THE TASK :: Below is a listing; retype exactly the lines between the one containing "Hermes Epson leather" and the one containing "More views of Jaguar F-PACE", inclusive, minus the pictures.

--- INFORMATION GIVEN Enclosed Below ---

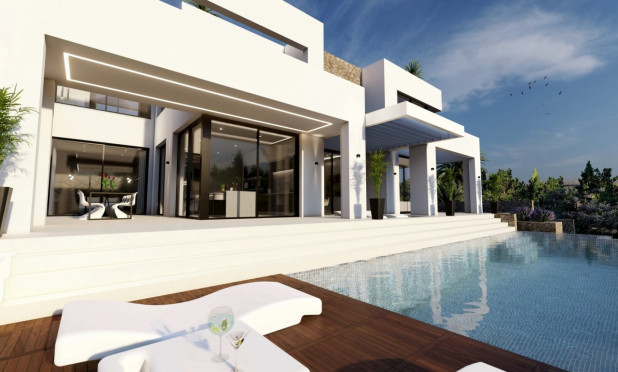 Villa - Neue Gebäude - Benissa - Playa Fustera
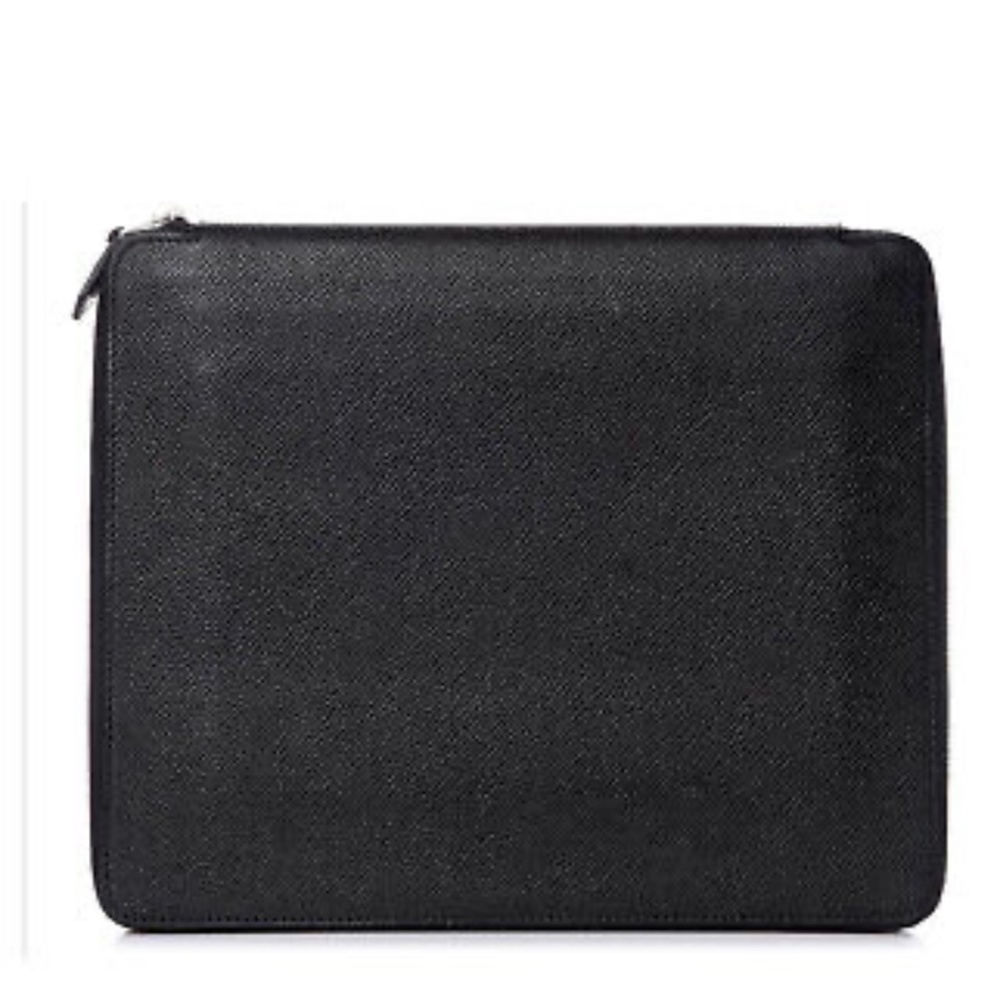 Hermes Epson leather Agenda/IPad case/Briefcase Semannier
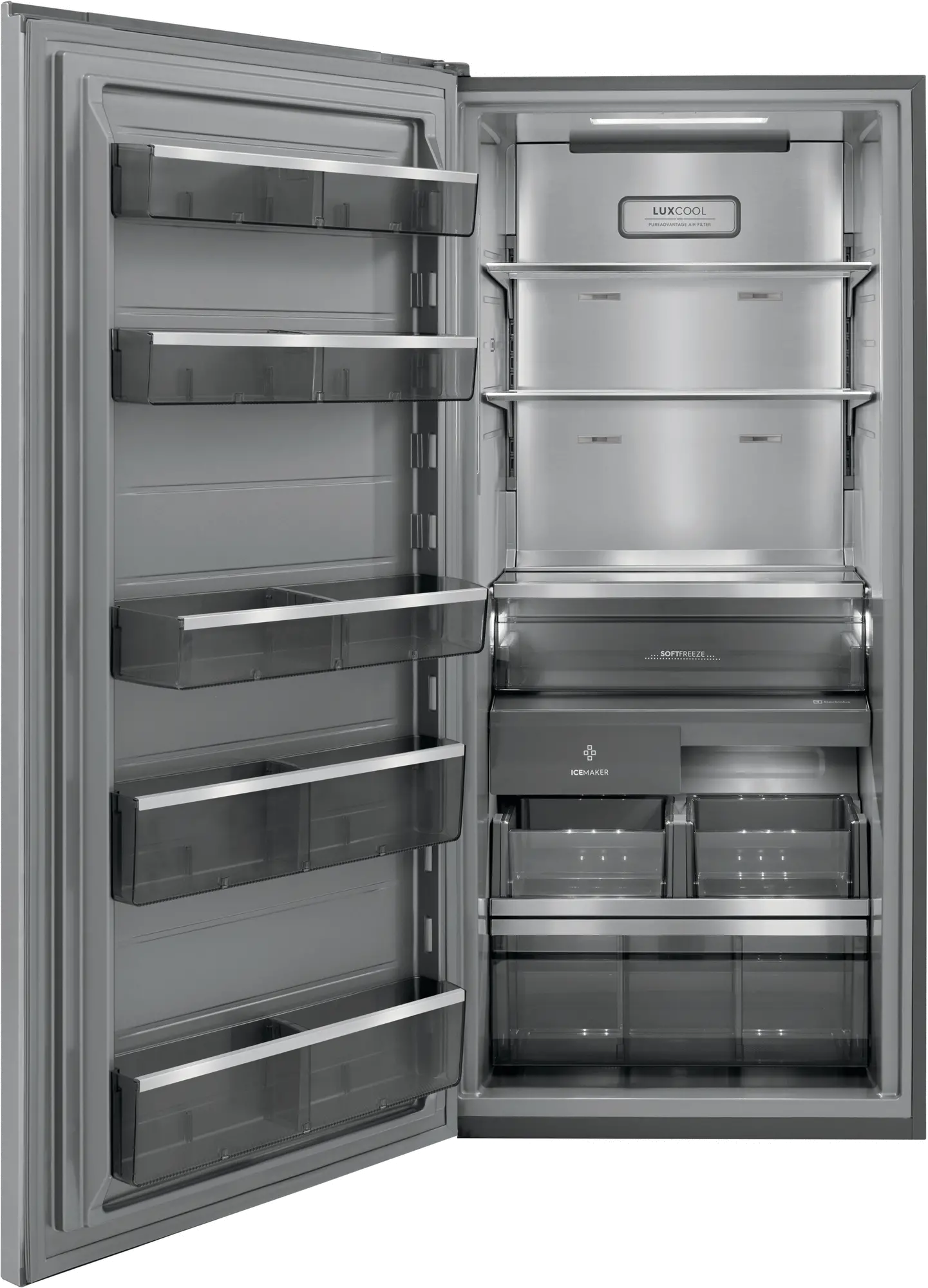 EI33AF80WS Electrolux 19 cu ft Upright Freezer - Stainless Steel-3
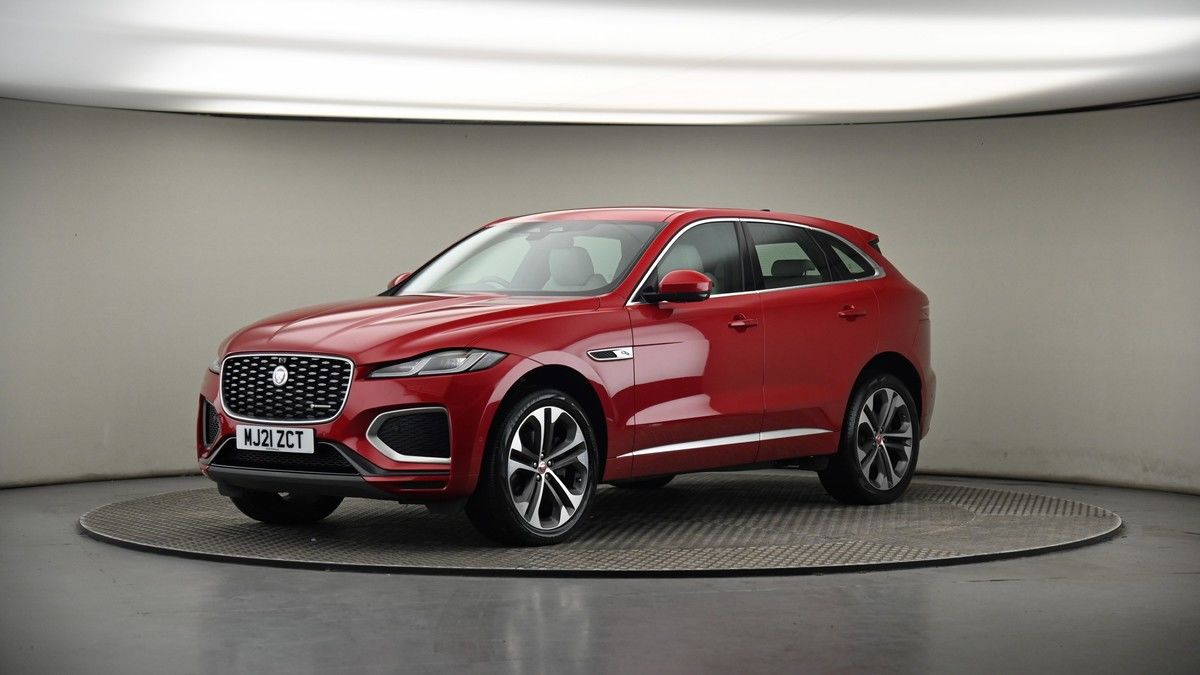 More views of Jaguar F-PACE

--- End of Enclosed INFORMATION GIVEN ---
--- INFORMATION GIVEN Enclosed Below ---

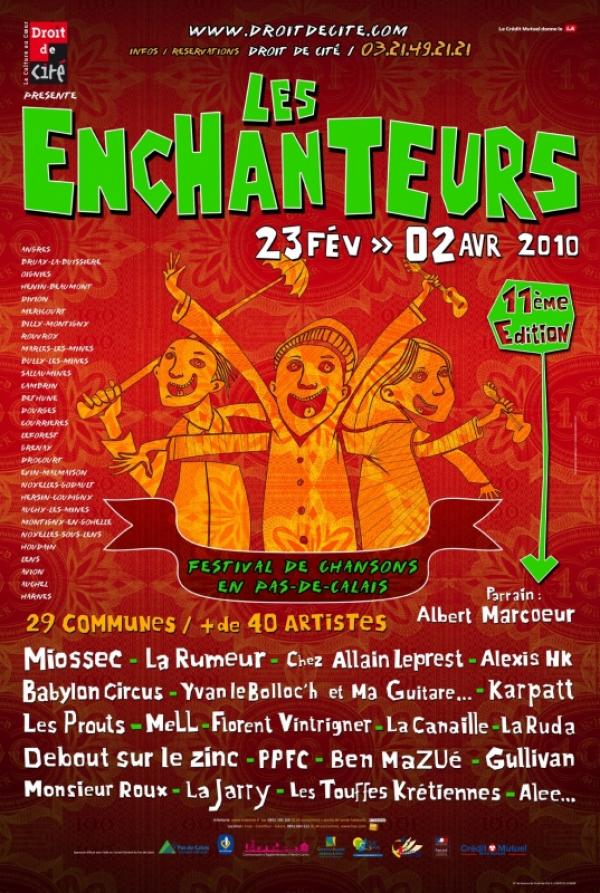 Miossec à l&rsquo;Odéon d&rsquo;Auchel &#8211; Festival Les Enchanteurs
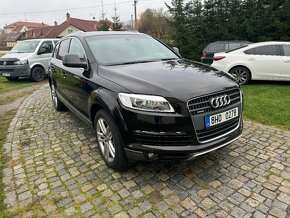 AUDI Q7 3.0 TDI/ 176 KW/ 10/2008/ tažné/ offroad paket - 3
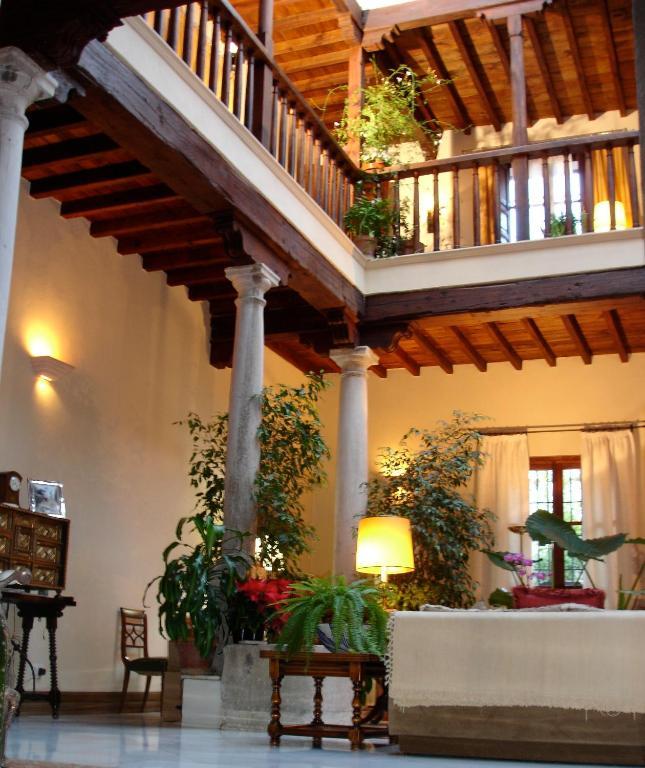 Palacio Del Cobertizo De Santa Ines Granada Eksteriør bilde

--- End of Enclosed INFORMATION GIVEN ---

RESPONSE ::
 Hermes Epson leather Agenda/IPad case/Briefcase Semannier
 EI33AF80WS Electrolux 19 cu ft Upright Freezer - Stainless Steel-3
 More views of Jaguar F-PACE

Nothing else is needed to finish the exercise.